Group Term Life - Group Term Life is the most common type of group insurance. This type of policy is typically an employment incentive, where policies are purchased in 1-year increments that can be renegotiated at the end of each term. There are 3 types of Group Term available:
- Basic Group Term - Typically offered as a tax-free benefit to employees, this is the most common type of group life insurance and is often purchased in policies equal to or less than $50,000 in value.
- Supplemental Group Term - This type of group life insurance is typically offered to employees who receive the Basic Group Life benefits. With this rider, the employee can increase the value of the policy and pays the difference in premium costs.
- Portable Term Life - This allows policyholders to take the coverage with them if they leave the employer where the policy was purchased. Once the policy is taken away from the initial source, the policyholder is responsible for all premium payments.
Group Universal Life - This type of policy combines the benefits of term life with the advantages of Universal life insurance. Under this policy, the policyholder can choose to accept the basic coverage or to contribute more into the policy, building cash value that can be used by the policyholder tax free. Among the advantages of this type of policy are such things as lower premiums, coverage that can be extended to age 100, and dependent coverage riders.
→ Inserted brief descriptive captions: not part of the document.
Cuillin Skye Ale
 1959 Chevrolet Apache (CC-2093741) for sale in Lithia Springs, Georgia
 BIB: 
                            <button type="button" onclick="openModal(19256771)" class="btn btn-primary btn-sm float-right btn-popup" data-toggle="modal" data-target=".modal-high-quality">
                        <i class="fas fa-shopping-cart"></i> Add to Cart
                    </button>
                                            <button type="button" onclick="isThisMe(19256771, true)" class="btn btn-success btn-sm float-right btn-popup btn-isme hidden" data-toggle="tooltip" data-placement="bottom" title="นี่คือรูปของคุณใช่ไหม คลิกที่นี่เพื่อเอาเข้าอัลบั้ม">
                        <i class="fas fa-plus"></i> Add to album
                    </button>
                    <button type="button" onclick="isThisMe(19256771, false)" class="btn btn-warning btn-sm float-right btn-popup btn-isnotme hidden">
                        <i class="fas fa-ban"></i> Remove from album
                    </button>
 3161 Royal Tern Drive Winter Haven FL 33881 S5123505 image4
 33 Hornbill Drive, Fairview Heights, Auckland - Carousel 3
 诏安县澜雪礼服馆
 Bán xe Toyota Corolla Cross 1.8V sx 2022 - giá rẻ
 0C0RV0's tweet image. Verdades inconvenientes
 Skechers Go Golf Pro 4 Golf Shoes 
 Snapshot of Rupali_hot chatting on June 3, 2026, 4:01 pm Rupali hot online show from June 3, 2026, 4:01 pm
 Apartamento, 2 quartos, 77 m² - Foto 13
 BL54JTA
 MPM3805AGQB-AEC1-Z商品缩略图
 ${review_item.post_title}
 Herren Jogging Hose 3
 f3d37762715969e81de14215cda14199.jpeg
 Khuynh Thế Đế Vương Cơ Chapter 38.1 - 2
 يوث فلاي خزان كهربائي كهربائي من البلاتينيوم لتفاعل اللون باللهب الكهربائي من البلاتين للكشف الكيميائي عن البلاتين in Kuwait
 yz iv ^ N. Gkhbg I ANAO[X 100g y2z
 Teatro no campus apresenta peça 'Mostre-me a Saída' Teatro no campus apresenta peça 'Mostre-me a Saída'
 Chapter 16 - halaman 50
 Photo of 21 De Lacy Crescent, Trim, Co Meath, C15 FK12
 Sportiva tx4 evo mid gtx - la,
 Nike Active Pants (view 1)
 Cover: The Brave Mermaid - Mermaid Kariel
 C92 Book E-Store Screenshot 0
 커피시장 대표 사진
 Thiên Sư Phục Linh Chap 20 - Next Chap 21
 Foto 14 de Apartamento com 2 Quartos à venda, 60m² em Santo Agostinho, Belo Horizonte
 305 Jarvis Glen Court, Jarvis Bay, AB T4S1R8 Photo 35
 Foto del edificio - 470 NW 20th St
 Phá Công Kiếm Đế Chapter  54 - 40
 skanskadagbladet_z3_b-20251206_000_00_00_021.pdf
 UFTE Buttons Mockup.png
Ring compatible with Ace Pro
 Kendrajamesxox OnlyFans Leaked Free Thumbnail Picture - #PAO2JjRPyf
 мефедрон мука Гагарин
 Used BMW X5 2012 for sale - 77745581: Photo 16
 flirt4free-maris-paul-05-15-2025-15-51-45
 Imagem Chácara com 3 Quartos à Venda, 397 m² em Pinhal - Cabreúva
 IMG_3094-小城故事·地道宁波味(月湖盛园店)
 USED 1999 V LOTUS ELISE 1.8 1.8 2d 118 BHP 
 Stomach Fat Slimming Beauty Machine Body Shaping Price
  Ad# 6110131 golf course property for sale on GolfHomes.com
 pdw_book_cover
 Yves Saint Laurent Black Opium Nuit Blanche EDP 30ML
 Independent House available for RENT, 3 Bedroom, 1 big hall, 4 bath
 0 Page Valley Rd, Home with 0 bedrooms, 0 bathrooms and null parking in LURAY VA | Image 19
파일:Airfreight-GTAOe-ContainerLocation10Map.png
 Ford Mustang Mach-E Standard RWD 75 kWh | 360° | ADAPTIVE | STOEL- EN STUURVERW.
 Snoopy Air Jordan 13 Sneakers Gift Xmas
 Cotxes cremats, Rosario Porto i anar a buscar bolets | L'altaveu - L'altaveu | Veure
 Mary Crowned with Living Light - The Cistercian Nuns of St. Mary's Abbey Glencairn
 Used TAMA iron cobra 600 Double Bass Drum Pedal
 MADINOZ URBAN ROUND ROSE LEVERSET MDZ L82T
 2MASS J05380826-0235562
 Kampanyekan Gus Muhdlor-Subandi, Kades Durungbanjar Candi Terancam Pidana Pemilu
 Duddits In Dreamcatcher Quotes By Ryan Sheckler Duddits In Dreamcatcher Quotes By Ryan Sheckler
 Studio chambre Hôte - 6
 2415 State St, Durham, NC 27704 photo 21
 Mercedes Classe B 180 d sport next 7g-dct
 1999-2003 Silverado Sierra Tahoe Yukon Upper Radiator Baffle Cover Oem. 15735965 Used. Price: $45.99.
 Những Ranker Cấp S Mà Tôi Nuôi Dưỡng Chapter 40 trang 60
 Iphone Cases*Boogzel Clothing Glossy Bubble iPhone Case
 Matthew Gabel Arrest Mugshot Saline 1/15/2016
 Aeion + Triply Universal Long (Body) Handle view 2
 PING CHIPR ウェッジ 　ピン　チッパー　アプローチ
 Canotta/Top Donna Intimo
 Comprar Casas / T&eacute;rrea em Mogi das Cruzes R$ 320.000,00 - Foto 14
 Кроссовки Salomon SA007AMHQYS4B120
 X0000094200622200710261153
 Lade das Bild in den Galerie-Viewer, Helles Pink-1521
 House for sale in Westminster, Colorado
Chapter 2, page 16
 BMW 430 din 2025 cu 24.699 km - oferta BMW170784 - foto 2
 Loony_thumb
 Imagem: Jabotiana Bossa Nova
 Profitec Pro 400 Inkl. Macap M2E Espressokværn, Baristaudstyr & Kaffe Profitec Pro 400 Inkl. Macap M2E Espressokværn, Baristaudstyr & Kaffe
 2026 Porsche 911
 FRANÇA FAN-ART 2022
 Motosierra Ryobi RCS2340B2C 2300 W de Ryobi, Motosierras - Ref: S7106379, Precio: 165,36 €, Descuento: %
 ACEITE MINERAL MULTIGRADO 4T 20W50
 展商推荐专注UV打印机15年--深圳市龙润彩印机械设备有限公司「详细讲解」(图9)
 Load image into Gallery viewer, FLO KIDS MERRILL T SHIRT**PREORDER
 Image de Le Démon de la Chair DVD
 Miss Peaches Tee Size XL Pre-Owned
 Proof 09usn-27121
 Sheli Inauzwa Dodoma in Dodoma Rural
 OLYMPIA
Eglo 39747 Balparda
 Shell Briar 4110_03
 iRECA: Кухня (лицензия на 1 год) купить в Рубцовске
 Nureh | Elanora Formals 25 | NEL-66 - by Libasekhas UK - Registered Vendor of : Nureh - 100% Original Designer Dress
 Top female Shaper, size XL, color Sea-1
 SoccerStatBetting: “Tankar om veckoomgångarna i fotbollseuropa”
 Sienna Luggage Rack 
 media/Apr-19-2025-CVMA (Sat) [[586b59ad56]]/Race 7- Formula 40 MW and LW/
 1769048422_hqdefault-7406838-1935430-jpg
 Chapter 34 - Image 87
Variable Group Universal Life - This type of group life policy is often used in executive settings. It provides flexible life benefits, a guaranteed face value, and optional investment choices which contribute to a cash value. The disadvantage of this type of policy is that it can entail high processing, handling and investment fees. Even with bad investment options, the face value of the policy will remain constant, while the accumulated cash value may lose value.